↓
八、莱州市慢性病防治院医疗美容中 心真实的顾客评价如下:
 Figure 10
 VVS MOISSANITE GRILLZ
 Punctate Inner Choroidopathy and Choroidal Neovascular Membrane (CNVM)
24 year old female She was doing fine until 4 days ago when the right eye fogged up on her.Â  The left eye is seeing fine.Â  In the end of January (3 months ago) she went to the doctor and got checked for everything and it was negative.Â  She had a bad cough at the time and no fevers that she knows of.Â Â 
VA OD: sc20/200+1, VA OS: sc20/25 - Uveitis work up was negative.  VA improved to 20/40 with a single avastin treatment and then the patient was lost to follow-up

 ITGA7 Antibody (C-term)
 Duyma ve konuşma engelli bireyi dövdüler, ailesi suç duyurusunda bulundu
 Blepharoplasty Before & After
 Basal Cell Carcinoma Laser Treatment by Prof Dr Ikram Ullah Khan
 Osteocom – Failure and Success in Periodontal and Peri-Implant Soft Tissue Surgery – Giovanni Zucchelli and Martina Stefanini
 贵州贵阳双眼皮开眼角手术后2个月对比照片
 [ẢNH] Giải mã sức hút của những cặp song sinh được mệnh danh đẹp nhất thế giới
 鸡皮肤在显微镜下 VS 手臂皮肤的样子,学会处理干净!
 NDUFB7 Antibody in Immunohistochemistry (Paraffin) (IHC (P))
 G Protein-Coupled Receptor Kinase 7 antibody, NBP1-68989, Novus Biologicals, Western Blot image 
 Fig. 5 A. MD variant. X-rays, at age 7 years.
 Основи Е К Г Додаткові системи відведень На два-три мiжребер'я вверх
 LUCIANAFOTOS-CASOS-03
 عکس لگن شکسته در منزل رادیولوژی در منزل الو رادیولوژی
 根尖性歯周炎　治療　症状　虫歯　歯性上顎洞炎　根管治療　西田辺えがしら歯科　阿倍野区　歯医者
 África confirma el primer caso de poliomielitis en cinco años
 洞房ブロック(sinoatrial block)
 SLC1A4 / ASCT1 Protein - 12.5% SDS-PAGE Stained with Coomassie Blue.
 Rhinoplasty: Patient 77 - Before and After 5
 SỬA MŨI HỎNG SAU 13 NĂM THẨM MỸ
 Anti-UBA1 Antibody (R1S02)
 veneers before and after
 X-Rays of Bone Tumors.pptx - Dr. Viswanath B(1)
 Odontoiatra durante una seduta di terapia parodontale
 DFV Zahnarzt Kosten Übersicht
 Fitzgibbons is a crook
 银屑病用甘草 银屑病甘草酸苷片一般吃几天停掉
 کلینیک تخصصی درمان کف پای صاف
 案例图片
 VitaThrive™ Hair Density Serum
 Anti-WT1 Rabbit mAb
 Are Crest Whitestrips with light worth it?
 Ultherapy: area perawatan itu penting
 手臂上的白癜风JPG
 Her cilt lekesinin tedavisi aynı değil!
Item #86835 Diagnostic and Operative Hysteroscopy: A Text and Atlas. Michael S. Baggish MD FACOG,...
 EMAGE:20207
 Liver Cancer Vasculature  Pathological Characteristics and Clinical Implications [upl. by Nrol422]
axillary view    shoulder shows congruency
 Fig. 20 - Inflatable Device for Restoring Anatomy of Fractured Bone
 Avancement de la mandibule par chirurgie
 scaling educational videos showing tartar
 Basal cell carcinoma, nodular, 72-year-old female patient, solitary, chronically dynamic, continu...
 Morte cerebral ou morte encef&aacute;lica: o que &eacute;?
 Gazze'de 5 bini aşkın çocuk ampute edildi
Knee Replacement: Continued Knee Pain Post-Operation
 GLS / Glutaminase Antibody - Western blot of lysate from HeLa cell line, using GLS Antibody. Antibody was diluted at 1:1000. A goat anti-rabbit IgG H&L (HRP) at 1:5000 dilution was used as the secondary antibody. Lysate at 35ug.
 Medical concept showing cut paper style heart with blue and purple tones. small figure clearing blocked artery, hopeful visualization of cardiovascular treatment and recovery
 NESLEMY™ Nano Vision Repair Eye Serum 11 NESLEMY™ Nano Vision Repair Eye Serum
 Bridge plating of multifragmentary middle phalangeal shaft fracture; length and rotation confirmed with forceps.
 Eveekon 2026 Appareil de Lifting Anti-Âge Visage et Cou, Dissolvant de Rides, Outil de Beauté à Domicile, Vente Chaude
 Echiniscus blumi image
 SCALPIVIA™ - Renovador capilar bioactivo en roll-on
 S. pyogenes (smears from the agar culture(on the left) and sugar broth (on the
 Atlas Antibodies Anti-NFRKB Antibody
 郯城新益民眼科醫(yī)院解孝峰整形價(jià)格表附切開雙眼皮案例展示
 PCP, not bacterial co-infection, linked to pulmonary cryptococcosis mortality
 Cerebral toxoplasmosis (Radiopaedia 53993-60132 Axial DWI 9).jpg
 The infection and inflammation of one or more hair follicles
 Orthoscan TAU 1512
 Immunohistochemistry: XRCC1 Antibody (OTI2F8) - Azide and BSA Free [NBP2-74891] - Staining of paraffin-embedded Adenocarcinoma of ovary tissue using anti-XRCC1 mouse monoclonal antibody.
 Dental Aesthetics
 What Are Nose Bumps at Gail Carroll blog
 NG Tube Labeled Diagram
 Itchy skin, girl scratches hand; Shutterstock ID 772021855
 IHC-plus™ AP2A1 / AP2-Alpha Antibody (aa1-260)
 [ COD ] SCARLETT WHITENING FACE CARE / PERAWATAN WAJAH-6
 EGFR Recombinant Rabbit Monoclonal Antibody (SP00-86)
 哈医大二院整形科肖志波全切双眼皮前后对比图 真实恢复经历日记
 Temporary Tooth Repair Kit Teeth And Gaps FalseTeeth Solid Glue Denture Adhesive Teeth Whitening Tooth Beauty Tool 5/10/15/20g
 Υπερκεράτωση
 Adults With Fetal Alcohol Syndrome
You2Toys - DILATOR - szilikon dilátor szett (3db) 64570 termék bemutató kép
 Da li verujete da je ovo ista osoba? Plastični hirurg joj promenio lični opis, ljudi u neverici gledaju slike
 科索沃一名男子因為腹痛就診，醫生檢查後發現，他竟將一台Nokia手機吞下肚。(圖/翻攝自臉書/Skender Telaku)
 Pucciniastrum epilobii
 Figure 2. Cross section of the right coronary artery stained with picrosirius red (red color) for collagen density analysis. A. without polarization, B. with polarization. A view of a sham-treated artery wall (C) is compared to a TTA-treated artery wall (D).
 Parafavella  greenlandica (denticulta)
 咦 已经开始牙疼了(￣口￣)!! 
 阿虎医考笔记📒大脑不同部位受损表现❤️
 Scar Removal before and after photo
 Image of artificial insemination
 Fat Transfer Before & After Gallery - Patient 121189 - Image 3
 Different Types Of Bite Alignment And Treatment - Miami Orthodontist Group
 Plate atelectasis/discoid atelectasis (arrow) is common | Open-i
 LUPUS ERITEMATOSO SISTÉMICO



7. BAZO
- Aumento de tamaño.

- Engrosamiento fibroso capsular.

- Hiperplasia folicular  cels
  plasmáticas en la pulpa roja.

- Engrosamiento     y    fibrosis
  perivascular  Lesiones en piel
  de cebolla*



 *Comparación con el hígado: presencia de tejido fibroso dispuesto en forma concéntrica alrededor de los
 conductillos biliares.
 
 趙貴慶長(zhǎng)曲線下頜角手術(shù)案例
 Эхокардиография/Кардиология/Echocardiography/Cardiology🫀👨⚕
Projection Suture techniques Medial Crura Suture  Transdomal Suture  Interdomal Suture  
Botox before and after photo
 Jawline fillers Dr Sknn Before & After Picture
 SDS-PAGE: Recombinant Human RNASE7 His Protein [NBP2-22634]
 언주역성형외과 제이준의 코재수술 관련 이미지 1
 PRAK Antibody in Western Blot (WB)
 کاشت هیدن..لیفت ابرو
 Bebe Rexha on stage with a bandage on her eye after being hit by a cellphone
↑
▶ _The problem_
The answer must hold exactly the lines of the entries above, from the first line through the line that contains "G Protein-Coupled Receptor", and no others.

▶ _Task solution_
八、莱州市慢性病防治院医疗美容中 心真实的顾客评价如下:
 Figure 10
 VVS MOISSANITE GRILLZ
 Punctate Inner Choroidopathy and Choroidal Neovascular Membrane (CNVM)
24 year old female She was doing fine until 4 days ago when the right eye fogged up on her.Â  The left eye is seeing fine.Â  In the end of January (3 months ago) she went to the doctor and got checked for everything and it was negative.Â  She had a bad cough at the time and no fevers that she knows of.Â Â 
VA OD: sc20/200+1, VA OS: sc20/25 - Uveitis work up was negative.  VA improved to 20/40 with a single avastin treatment and then the patient was lost to follow-up

 ITGA7 Antibody (C-term)
 Duyma ve konuşma engelli bireyi dövdüler, ailesi suç duyurusunda bulundu
 Blepharoplasty Before & After
 Basal Cell Carcinoma Laser Treatment by Prof Dr Ikram Ullah Khan
 Osteocom – Failure and Success in Periodontal and Peri-Implant Soft Tissue Surgery – Giovanni Zucchelli and Martina Stefanini
 贵州贵阳双眼皮开眼角手术后2个月对比照片
 [ẢNH] Giải mã sức hút của những cặp song sinh được mệnh danh đẹp nhất thế giới
 鸡皮肤在显微镜下 VS 手臂皮肤的样子,学会处理干净!
 NDUFB7 Antibody in Immunohistochemistry (Paraffin) (IHC (P))
 G Protein-Coupled Receptor Kinase 7 antibody, NBP1-68989, Novus Biologicals, Western Blot image 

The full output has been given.